たとえば周りの友達がソアリングで長時間飛んでいるのに、自分だけ上昇気流をつかみそこねて短時間で着陸してしまっとしましょう。 たいていの場合、これはパイロットの技術(上昇気流を捕まえるテクニック)か、飛び出すタイミングが原因です。 ところが「ホットエアーシンドローム」に罹ってしまうと、全ての原因を「機体性能」に帰結させてしまうのです。 「もっと高性能のパラグライダーに乗っていれば。。。俺だって長時間飛べたのに~」というように思うようになったら、罹患してしまった可能性があります。
「ホットエアーシンドローム」に罹ってしまうと、一生兼目パラグライダー雑誌やホームページを調べて、機体性能に詳しくなります。 そして高性能のグライダーに買い換えます。 けれども高性能のパラグライダーは操縦がシビアなので、腕前が伴っていないと思ったように上昇できないのです。 そして低高度で潰れたときに大けがをしてしまう危険性もあります。 高性能機に買い換えた後でパラグライダーが怖くなって止めてしまうパターンの人が結構いるように思います。
この「ホットエアーシンドローム」、パイロット証をとる前後に罹る人が多いと思います。通っているスクールによっては、講習生の時に罹ってしまう場合もあります。 (私はまさにそうでした。
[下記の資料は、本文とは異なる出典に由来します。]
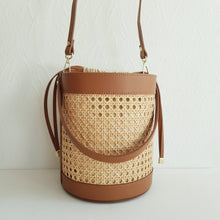 Lataa kuva Galleria-katseluun, Tyylikäs ja tilava ASYA Bucket nahkalaukku raffiareunalla ja polyesterivuorella. Laukussa hyvin tilaa isomallekkin tavaralle. Koko: 20 cm halkaisija, 24 cm korkeus Olkahihnan leveys 1,5 cm, pituus 103 cm Materiaali: nahka/ raffia/ polyesterivuori Valmistusmaa: Italia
)
高性能機に買い換えたくなったら、次のことを、よく考えてから決断することをおすすめします。
★パラグライダーで飛ぶ目的
そもそもパラグライダーを始めたとき、何がやりたかったのでしょう? 「初心忘るべからず」とよく言いますが、自分が何をやりたくてこの遊びを始めたのか、もう一度よく考えてみましょう。
パラグライダーの競技会に出て優勝する、とか、パラグライダーで日本記録を作る、ということが目的ならば高性能機がぴったしです。 でも、もしかしてあなたの目的が、「大空を楽しく飛んでみたい」 ということでしたら、高性能機は入らないハズです。 中級機で充分楽しめますよ~。 私は7年前のDHV1-2(初・中級機)で飛んでいますので、自信を持っておすすめします。
★高性能の意味 (最小沈下率)
パラグライダーの性能にはいろいろあります。 まず最初に気になるのが最小沈下率です。 これはブレークコードを引いて、ゆっくり飛んでいるときの降下率です。 高性能機だと1.0m/秒位で、中級機だと1.2~1.3m/秒ぐらいでしょう。 毎秒毎秒、0.3mもの違いがでるとしたら、それは大きな違いに思えます。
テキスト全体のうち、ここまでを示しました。